People make it sound as if the tank caused a good team to under-achieve, but let’s be honest — even if the Sabres had avoided some of the serious injuries that hit the roster this season, it is highly doubtful they would have made the playoffs. Why? The same reason why you would not open a shopping mall until the roof was firmly attached to it, or the electrical wiring was complete — it’s an unfinished product. The roster is stronger than before, but it is still missing some key elements here and there.

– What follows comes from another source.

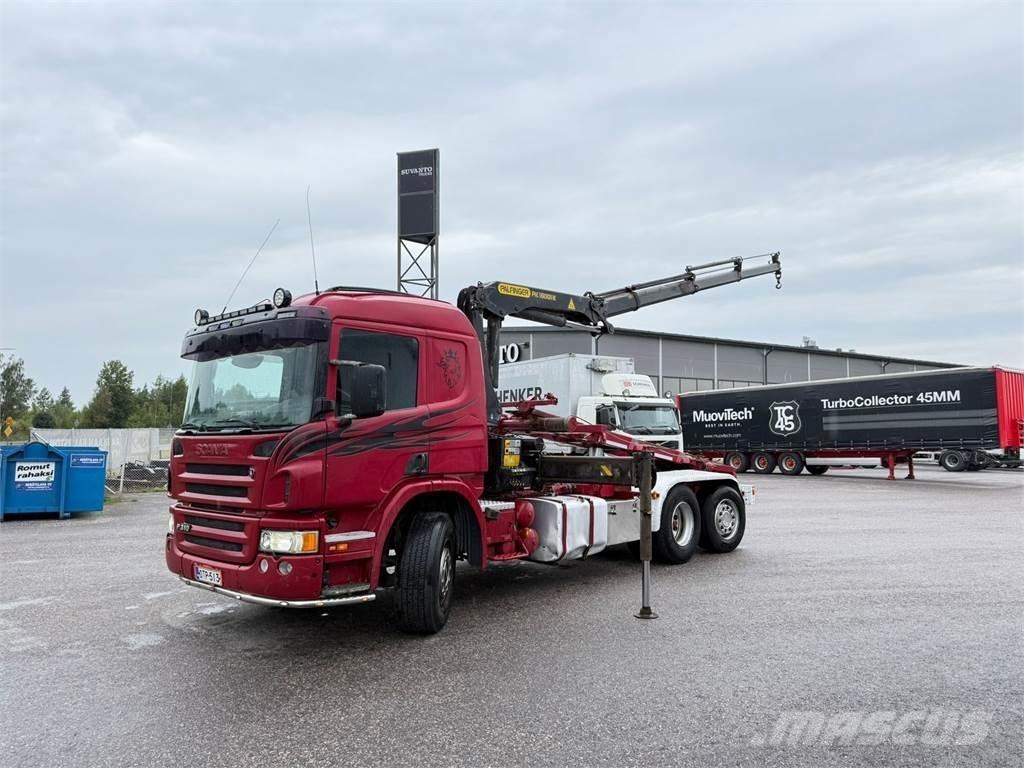 Scania P 310 Camiões grua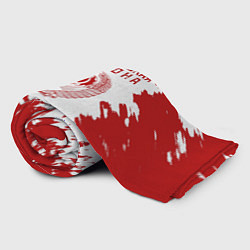 Плед флисовый Гражданская оборона, цвет: 3D-велсофт — фото 2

It really is that simple, everyone.
As our very own Ryan Wolfe pointed out, the Sabres took a sledgehammer to their roster during the tank and are still rebuilding, which is why the team saw the Toronto Maple Leafs blow by them in the standings this year. Ryan’s analogy says it all:
Buffalo has a house but decided to strip everything out of it right down to the copper piping and electrical wire in hopes that they could survive on the absolute bare-minimum during the storm. Toronto had a beat-up house but decided beat-up was OK and made minimal improvements while hoping the walls stayed up as the storm approached.
Holes in the blue line and the top-6 forwards still have to be plugged, and there are a few pieces of deadweight remaining on the roster that have to be tossed aside. Gutting a roster is not the sort of thing you can fix in just 1-2 seasons, and hiring a coach whose style didn’t fit the styles of half his players did not help. But reality got tossed out the window once Edmonton and Toronto beat Buffalo back to the playoffs. Being disappointed in another year without playoff action is fine. Blaming the tank of 2014-15, however, is absurd.